Por António Perez Metelo, Dinheiro Vivo

O mês de abril, sobretudo em anos como este, 40 anos depois da grande rotura com um passado opressivo, estimula os pronunciamentos públicos de questões particularmente dolorosas e difíceis de superar nos dias que correm. Há sempre vários lados de uma mesma questão e, se as democracias podem reivindicar para si a superioridade face a outros regimes políticos, é porque em liberdade é sempre possível encontrar pacificamente vias de compromisso e de progresso.

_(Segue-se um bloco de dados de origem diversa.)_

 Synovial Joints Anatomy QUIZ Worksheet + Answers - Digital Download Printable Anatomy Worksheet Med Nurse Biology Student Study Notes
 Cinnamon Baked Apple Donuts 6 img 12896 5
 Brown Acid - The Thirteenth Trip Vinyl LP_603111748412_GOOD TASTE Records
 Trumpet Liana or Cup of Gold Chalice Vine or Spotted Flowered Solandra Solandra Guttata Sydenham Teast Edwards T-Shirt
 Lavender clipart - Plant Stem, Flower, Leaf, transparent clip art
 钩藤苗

A petição, assinada por 35 mil cidadãos, para que se ponha no topo da agenda política o problema da sustentabilidade do pagamento da dívida, nas condições e ao ritmo que os tratados europeus impõem, reclama um amplo debate sobre uma questão espinhosa, que ameaça a qualidade de vida de milhões de portugueses nos próximos 20 ou 30 anos.

Os dados sobre o alastramento da pobreza em Portugal (que reportam a 2012 e nem espelham a situação crítica atual) são alarmantes. As medidas anunciadas pelo governo nem chegam a ser remendos.

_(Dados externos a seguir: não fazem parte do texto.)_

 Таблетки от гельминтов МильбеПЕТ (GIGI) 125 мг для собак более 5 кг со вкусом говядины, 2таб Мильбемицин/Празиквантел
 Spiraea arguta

Jovens quadros, forçados a emigrar para ver reconhecidos e valorizados os seus saberes e capacidades, lançam um manifesto para que se discuta como dar a volta à situação que os enxotou do país, já que é aqui que querem trabalhar e construir um futuro.

Uma reportagem televisiva mostra a realidade chocante das mulheres trabalhadoras discriminadas e penalizadas, pelos pequenos ditadores que, 40 anos volvidos, continuam a mandar nas relações laborais de demasiadas empresas em Portugal, pelo simples facto de terem filhos pequenos ou estarem grávidas.

Nada disto pode ser encarado como natural ou inevitável. Eu já tenho idade para saber que não há soluções fáceis. Mas importante é fazer caminho, caminhando. Sem esta sensação angustiante de que as questões sociais são danos colaterais de uma longa caminhada de equilíbrios económicos e financeiros - e não mais do que isso.

Tudo depende das prioridades atribuídas aos diversos aspetos da recuperação nacional. Tal como as coisas se apresentam, “o país” (isto é, as condições de realização dos negócios em Portugal) está melhor. Os jovens, os velhos, os pobres, a classe média, é que não conseguem dar por isso.